Genotype: refers to the genetic constitution of an
organism and can also refer to a particular set of
alleles in an organism and is the complement of
an organism’s genetic information.
The phenotype of an individual doesn’t always
show the genotype.
Norm of reaction: the range of phenotype
appearances for a trait. It can range from no
breadth, or there can be very broad norm of
reaction.
Traits that are polygenic; with two or more genes
determining a single phenotypic feature usually
have a broad norm of reaction.
Pleiotropy: occurs when a single gene had
multiple effects, e.g. cystic fibrosis, sickle cell
anaemia, Albinism
Phenotype depends on
- Factors controlling transcription and
translation during protein synthesis
- Products of other genes
- The environment
Multifactorial: when many other factors determine
the final appearance of a particular feature. E.g.

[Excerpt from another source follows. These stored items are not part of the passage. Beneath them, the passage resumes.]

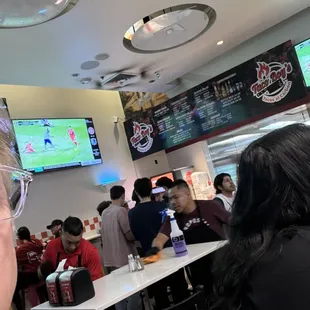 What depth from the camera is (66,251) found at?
10.3 ft

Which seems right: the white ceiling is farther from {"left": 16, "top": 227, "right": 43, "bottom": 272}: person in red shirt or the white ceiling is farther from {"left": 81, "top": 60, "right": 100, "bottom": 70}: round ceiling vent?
{"left": 16, "top": 227, "right": 43, "bottom": 272}: person in red shirt

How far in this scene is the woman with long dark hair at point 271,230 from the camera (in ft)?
3.55

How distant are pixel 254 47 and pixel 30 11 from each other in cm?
341

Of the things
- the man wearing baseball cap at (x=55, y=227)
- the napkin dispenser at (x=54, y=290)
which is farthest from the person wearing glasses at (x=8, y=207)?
the man wearing baseball cap at (x=55, y=227)

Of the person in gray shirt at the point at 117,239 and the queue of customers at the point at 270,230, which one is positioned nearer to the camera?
the queue of customers at the point at 270,230

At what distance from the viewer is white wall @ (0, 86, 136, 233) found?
243 inches

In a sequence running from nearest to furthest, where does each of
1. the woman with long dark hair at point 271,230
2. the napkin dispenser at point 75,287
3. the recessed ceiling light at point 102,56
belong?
the woman with long dark hair at point 271,230, the napkin dispenser at point 75,287, the recessed ceiling light at point 102,56

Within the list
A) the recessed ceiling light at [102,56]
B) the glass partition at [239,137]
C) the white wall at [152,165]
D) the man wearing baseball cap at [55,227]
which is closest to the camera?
the recessed ceiling light at [102,56]

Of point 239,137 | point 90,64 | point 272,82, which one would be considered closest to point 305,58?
point 272,82

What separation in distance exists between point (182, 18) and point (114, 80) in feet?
5.60

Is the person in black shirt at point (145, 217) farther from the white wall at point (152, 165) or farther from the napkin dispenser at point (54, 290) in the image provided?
the white wall at point (152, 165)

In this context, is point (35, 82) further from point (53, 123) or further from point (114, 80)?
point (53, 123)

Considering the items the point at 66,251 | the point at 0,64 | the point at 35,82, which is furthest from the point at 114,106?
the point at 66,251

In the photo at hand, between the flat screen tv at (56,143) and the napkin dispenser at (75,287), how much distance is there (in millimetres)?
3638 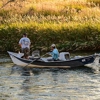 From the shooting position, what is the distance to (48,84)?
24.8 metres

the development of cancer is multifactorial as the
fundamental causes of cancers is DNA damage
that accumulates over a person’s lifetime.
Factors controlling protein synthesis
Genotype of an individual determines the
particular polypeptides that will be produced by
cells. A gene is a section of DNA that has the
code for a particular polypeptide and when the
gene is expressed that section of the DNA
molecule is ‘switched on’ and the polypeptide is
produced by the cell.
Gene expression and protein synthesis involves
two steps:
1. Transcription
2. Translation
Transcription:
The DNA code for a gene is used as a template
to form mRNA.
The initiation of transcription is regulated by
specific transcription factors – activators or
repressors which bind with multiple DNA control
elements called enhancers.
Translation:
A polypeptide is synthesised under the direction
of the mRNA at a ribosome.
Gene expression can be measured by the
amount of functional protein produced by the cell.

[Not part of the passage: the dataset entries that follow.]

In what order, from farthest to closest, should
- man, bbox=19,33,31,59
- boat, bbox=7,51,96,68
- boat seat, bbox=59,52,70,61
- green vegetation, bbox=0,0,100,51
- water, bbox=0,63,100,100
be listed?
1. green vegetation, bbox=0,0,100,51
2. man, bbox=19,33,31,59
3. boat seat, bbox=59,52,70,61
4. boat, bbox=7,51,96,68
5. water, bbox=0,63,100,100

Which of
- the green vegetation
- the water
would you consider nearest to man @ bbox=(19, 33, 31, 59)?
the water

The initiation of translation is controlled by
initiation factors. After translation the protein can
be processed and modified and these steps
control the functionality of the final product.
the beginning of gene expression requires a
section of DNA to be modified so that
transcription can occur.
Chromatin-modifying enzymes: act on the DNA
and have the initial control of gene expression.

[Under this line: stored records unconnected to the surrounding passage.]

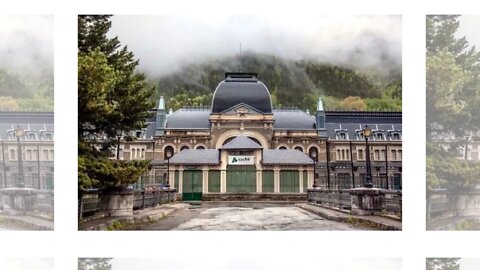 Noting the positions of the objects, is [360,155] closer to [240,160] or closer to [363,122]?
[363,122]

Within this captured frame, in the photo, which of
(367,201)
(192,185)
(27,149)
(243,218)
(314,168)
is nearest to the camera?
(27,149)

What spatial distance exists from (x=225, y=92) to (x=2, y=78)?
2534 millimetres

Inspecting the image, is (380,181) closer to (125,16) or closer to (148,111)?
(148,111)

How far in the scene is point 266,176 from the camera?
9391mm

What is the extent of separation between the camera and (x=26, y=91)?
8.94 m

Each protein is functional for a specific length of
time and proteases regulate protein degradation.
Products of other genes
Metabolic pathways involve a series of reactions
with each step catalysed by a different enzyme.
Each enzyme is coded by a particular gene,
meaning several genes need to be expressed for
the complete metabolic reaction to occur.
The appearance of a particular trait can thus
depend on the products of several genes.
In eukaryotes some coexpressed genes are
clustered near each other on the same
chromosome. E.g. certain genes in the testis of
fruit fly while other coexpressed genes are
scattered over different chromosomes, e.g. for
enzymes on a particular metabolic pathway.
Gene with the same control elements will be
activated by the same chemical signal.
Epistasis: gene interaction with the presence of
a particular allele of one gene pair determining
whether certain alleles of another gene are
expressed.
Environment
Environment: all the living and non-living
surroundings. The conditions under which an
organism lives can affect the appearance of the
organism. E.g. the quantity and quality of
nutrients, affecting the growth and final size of the
organism, exposure to sunlight affecting the
greenness of leaves and the sun-tanning of
human skin. Leaves on a plant have the same
genotype but can have different phenotypes –
appear different sizes and colours due to age,
position on the planet and exposure to sunlight.